Why Force-Feeding Won’t Work
Like so many technology projects, BI won’t yield returns if users feel threatened by, or are skeptical of, the technology and refuse to use it as a result. And when it comes to something like BI, which, when implemented strategically ought to fundamentally change how companies operate and how people make decisions, CIOs need to be extra attentive to users’ feelings.
When Wendy’s began using its BI system to generate sales forecasts for stores, operators were skeptical. They didn’t think technology could possibly take into consideration how local factors—such as weather, events and traffic patterns—affect their sales. Deane recognized that it’s tough for people to quit relying on their experience and gut, so he listened to operators’ concerns. Instead of forcing them to accept the forecasts, which he knew to be extremely accurate, he told them they could modify the forecasts from the BI system so long as they explained why and provided they later compared actual sales with what they forecasted and what the system predicted. The operators who modified the forecasts realized that the technology was often more accurate than they were. When they saw that they could improve their operations by better staffing their restaurants and more accurately ordering food to meet forecasted demand, they increasingly embraced BI. In effect, Deane let the users come to the trough on their own terms.
One might argue that Wendy’s could have gotten better results more quickly had it forced store managers to use the forecasts. However, if it had, it would have run the risk of facing mutiny from the operators. And had store operators fought the forecasts, that would have disrupted operations much more than the delay the company experienced by letting operators modify the forecasts. Deane says being sensitive to users’ concerns was more important, even at the expense of slowing down the rate of return.

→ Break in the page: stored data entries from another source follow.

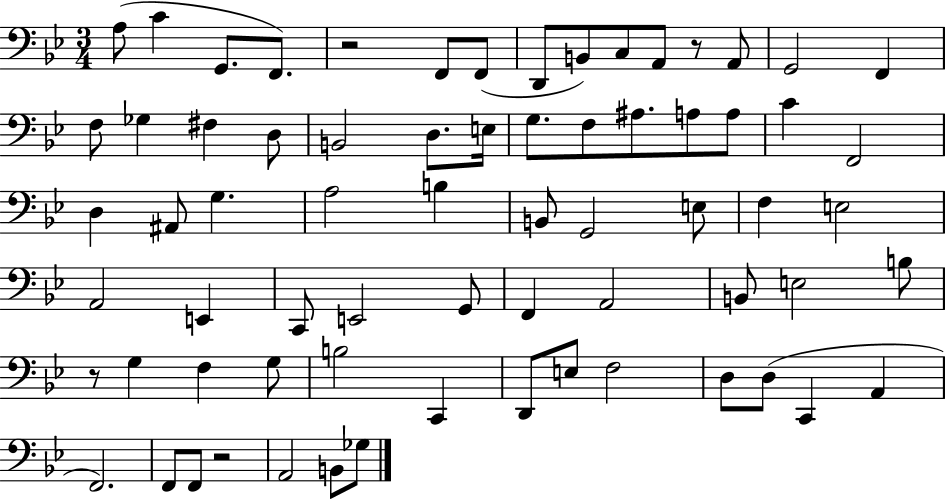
X:1
T:Untitled
M:3/4
L:1/4
K:Bb
A,/2 C G,,/2 F,,/2 z2 F,,/2 F,,/2 D,,/2 B,,/2 C,/2 A,,/2 z/2 A,,/2 G,,2 F,, F,/2 _G, ^F, D,/2 B,,2 D,/2 E,/4 G,/2 F,/2 ^A,/2 A,/2 A,/2 C F,,2 D, ^A,,/2 G, A,2 B, B,,/2 G,,2 E,/2 F, E,2 A,,2 E,, C,,/2 E,,2 G,,/2 F,, A,,2 B,,/2 E,2 B,/2 z/2 G, F, G,/2 B,2 C,, D,,/2 E,/2 F,2 D,/2 D,/2 C,, A,, F,,2 F,,/2 F,,/2 z2 A,,2 B,,/2 _G,/2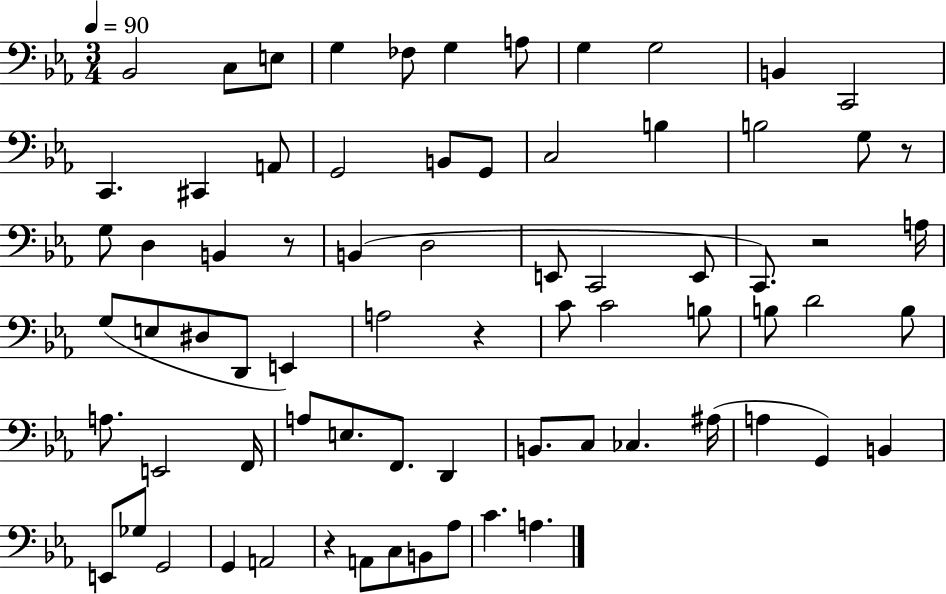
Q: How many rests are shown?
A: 5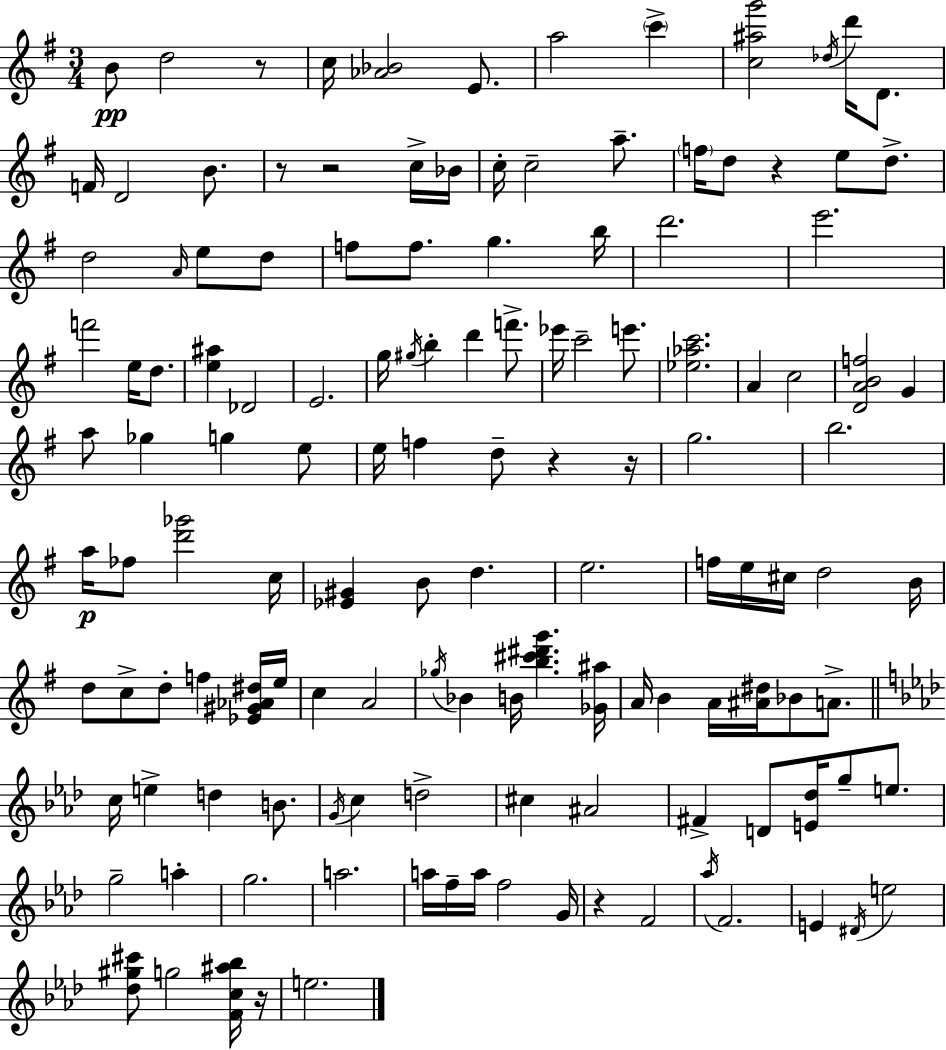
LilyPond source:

{
  \clef treble
  \numericTimeSignature
  \time 3/4
  \key e \minor
  b'8\pp d''2 r8 | c''16 <aes' bes'>2 e'8. | a''2 \parenthesize c'''4-> | <c'' ais'' g'''>2 \acciaccatura { des''16 } d'''16 d'8. | \break f'16 d'2 b'8. | r8 r2 c''16-> | bes'16 c''16-. c''2-- a''8.-- | \parenthesize f''16 d''8 r4 e''8 d''8.-> | \break d''2 \grace { a'16 } e''8 | d''8 f''8 f''8. g''4. | b''16 d'''2. | e'''2. | \break f'''2 e''16 d''8. | <e'' ais''>4 des'2 | e'2. | g''16 \acciaccatura { gis''16 } b''4-. d'''4 | \break f'''8.-> ees'''16 c'''2-- | e'''8. <ees'' aes'' c'''>2. | a'4 c''2 | <d' a' b' f''>2 g'4 | \break a''8 ges''4 g''4 | e''8 e''16 f''4 d''8-- r4 | r16 g''2. | b''2. | \break a''16\p fes''8 <d''' ges'''>2 | c''16 <ees' gis'>4 b'8 d''4. | e''2. | f''16 e''16 cis''16 d''2 | \break b'16 d''8 c''8-> d''8-. f''4 | <ees' gis' aes' dis''>16 e''16 c''4 a'2 | \acciaccatura { ges''16 } bes'4 b'16 <b'' cis''' dis''' g'''>4. | <ges' ais''>16 a'16 b'4 a'16 <ais' dis''>16 bes'8 | \break a'8.-> \bar "||" \break \key f \minor c''16 e''4-> d''4 b'8. | \acciaccatura { g'16 } c''4 d''2-> | cis''4 ais'2 | fis'4-> d'8 <e' des''>16 g''8-- e''8. | \break g''2-- a''4-. | g''2. | a''2. | a''16 f''16-- a''16 f''2 | \break g'16 r4 f'2 | \acciaccatura { aes''16 } f'2. | e'4 \acciaccatura { dis'16 } e''2 | <des'' gis'' cis'''>8 g''2 | \break <f' c'' ais'' bes''>16 r16 e''2. | \bar "|."
}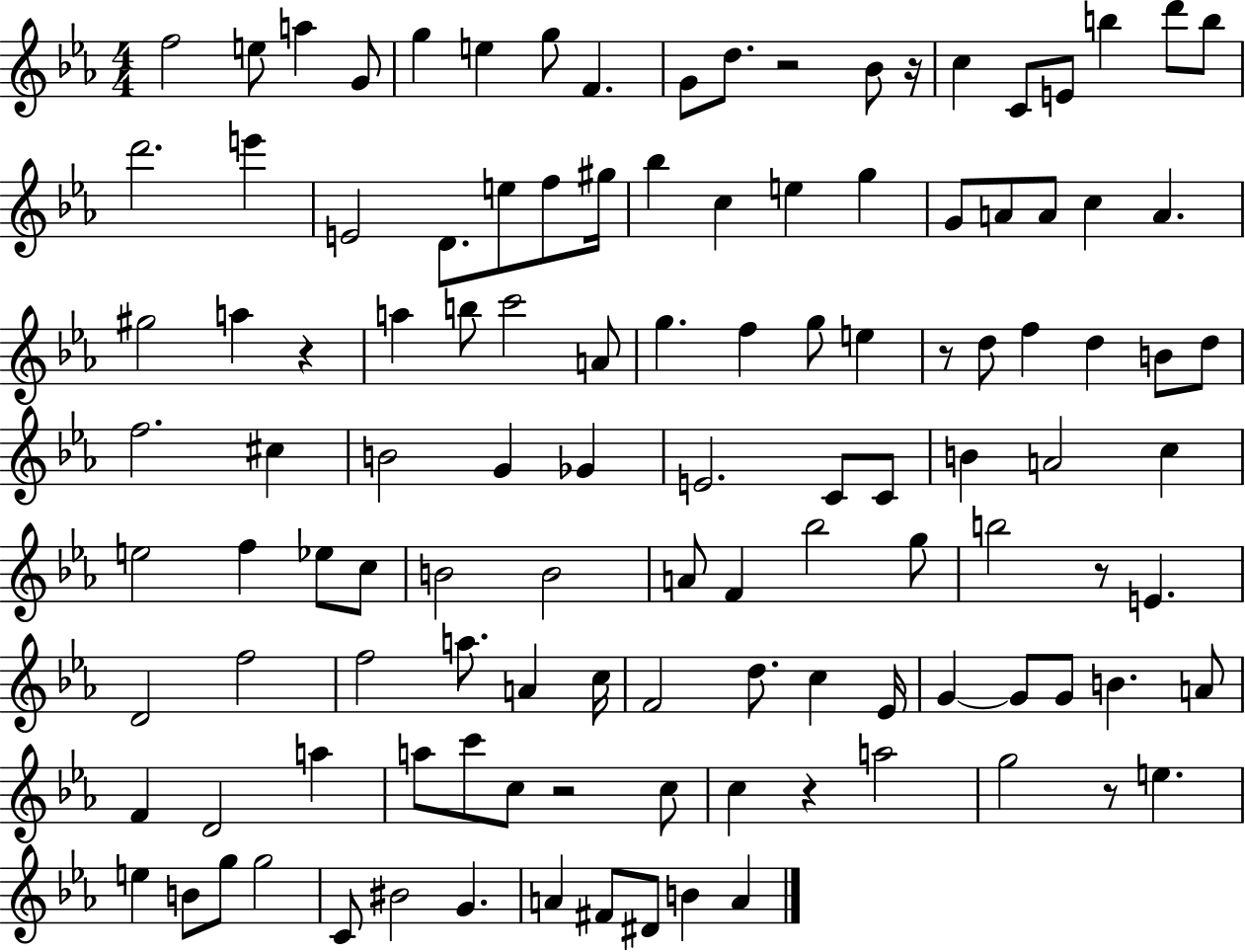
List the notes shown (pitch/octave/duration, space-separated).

F5/h E5/e A5/q G4/e G5/q E5/q G5/e F4/q. G4/e D5/e. R/h Bb4/e R/s C5/q C4/e E4/e B5/q D6/e B5/e D6/h. E6/q E4/h D4/e. E5/e F5/e G#5/s Bb5/q C5/q E5/q G5/q G4/e A4/e A4/e C5/q A4/q. G#5/h A5/q R/q A5/q B5/e C6/h A4/e G5/q. F5/q G5/e E5/q R/e D5/e F5/q D5/q B4/e D5/e F5/h. C#5/q B4/h G4/q Gb4/q E4/h. C4/e C4/e B4/q A4/h C5/q E5/h F5/q Eb5/e C5/e B4/h B4/h A4/e F4/q Bb5/h G5/e B5/h R/e E4/q. D4/h F5/h F5/h A5/e. A4/q C5/s F4/h D5/e. C5/q Eb4/s G4/q G4/e G4/e B4/q. A4/e F4/q D4/h A5/q A5/e C6/e C5/e R/h C5/e C5/q R/q A5/h G5/h R/e E5/q. E5/q B4/e G5/e G5/h C4/e BIS4/h G4/q. A4/q F#4/e D#4/e B4/q A4/q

“Trying to convince 1,500 store managers to automatically accept a new tool that is going to have an impact on their ability to perform in their store is no trivial matter. You have to be very, very careful how you deal with the change management and the acceptance side of an implementation,” says Deane. And if you do it right, you can realize an ROI of 430 percent over a five-year period, according to IDC (a sister company to CIO’s publisher). Adds Deane, “Of all the projects that one attempts to do as a CIO, business intelligence, if well managed (and it’s not always well managed) contributes far, far more than it costs.”